That is the thread about it, here is the link to download, http://www.scarm.info/index_en.html


----------



## waltr (Aug 15, 2011)

Ok, I found the book. Its "The Classic Layout Designs of John Armstrong" from Model Railroader, Kalmbach Publishing, copyright 2001.

This book can be found here:
http://www.amazon.com/Classic-Layout-Designs-Armstrong-Railroader/dp/0890244170
and is well worth having for the reading as John explains how the layouts were developed and fit with a prototype and how operations would be done.

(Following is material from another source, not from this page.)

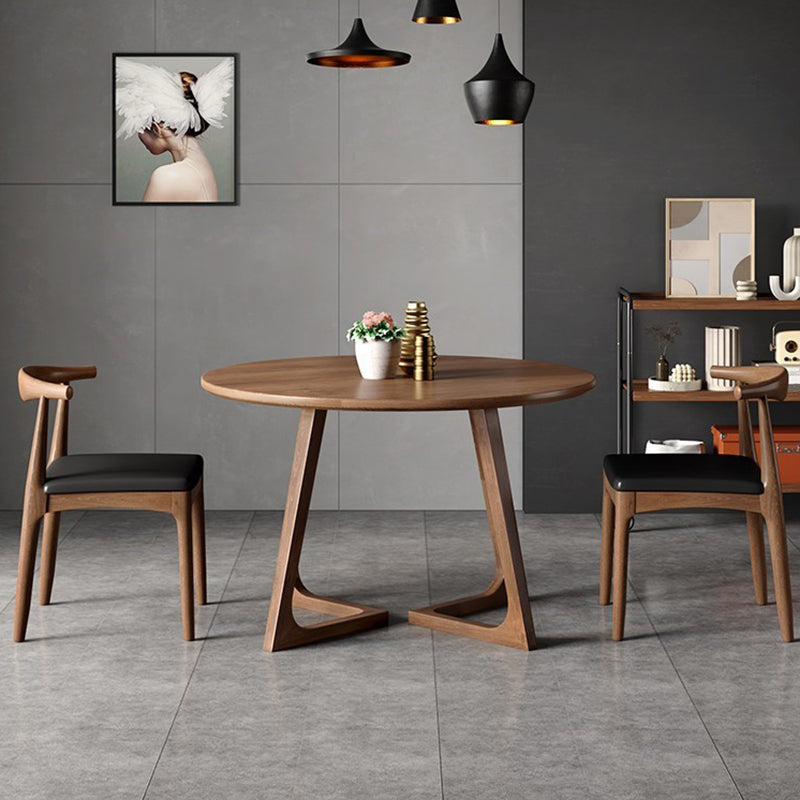 Round Dinette Set with Wooden Chairs 1/2/3/5 Pcs Brown Wood Dining Set for Home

The layout is called "French Broad Valley".
The squares in the book are 24" for HO making the layout 18' by10'. This is why the curves are too tight and the grades too steep in the post above. And yes, the tightest radius is 18" on the branch line and 24" radius on the main line. The steepest grade is 4.5% and is for down hill operations only. There are a few other fairly steep grades of 3% on which John says helper service is needed for longer trains. 

Hope this helps.

PS, I noted that the drawing in the first post here has a distortion. Look at the turntable, it is not round but larger up-down than right-left. Somewhere in the copying of the image the true aspect ratio was lost.


----------



## jeff823 (Nov 16, 2013)

I appreciate all the tips and encouragement guys. I know it's way too early to get frustrated over a track layout. I really like this layout as the table shape helps maximize my space. I've got a max area L shape of 8'x4' on the short leg and 11'x4' on the long leg. I came home and scaled the layout with 18" squares and even at that size it's about 30" too long on the long end. The curves still scale out pretty close to 18" and 22" radii at that size. I'm determined to make some variation of this layout fit in my usable area. 

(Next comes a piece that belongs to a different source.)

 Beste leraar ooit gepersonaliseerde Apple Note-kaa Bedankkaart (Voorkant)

I started drawing up the layout to full scale using a drawing program called adobe illustrator to see what I can actually fit on a table with that same shape. Is the footprint of the track on a cork strip 1.75" wide? If that's the case then it seems my space keeps getting smaller. Didn't realize the track would take up that much room. Also, if I'm not going to be running any really long trains, would I be ok to have a 15" radius in a couple spots? Right now it seems I can fit both 18" and 20" curves. But the two tight curves may be about 15 or 16. 

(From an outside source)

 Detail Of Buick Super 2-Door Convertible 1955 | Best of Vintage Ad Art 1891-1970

It seems I've got quite a bit of reading to do over the next few days and hopefully I can come up with something that will workout without too much stress... Lol. I'll keep you guys posted.

Thanks again!!




Sent from my iPhone using Tapatalk


----------



## waltr (Aug 15, 2011)

If you run very short locos and cars you might get away with 15" radius.

The layout squares are 24" not 18".

Are you stuck on HO scale? If not then consider N scale. This would make this layout fit in the space you have.

There are a few free model RR layout programs. Use one of these instead. big_ed gave a link to scram in a post above. A number of people in the forum here use scram so give it a try.

Yes, track does take up more space than you think.


----------



## jeff823 (Nov 16, 2013)

waltr said:


> If you run very short locos and cars you might get away with 15" radius.
> 
> The layout squares are 24" not 18".
> 
> ...


Right, the squares are 24", but I just wanted to see how it would fit at 18". If I had about another 3' I could have probably pulled it off, because the curves were 18" and 22" at that size.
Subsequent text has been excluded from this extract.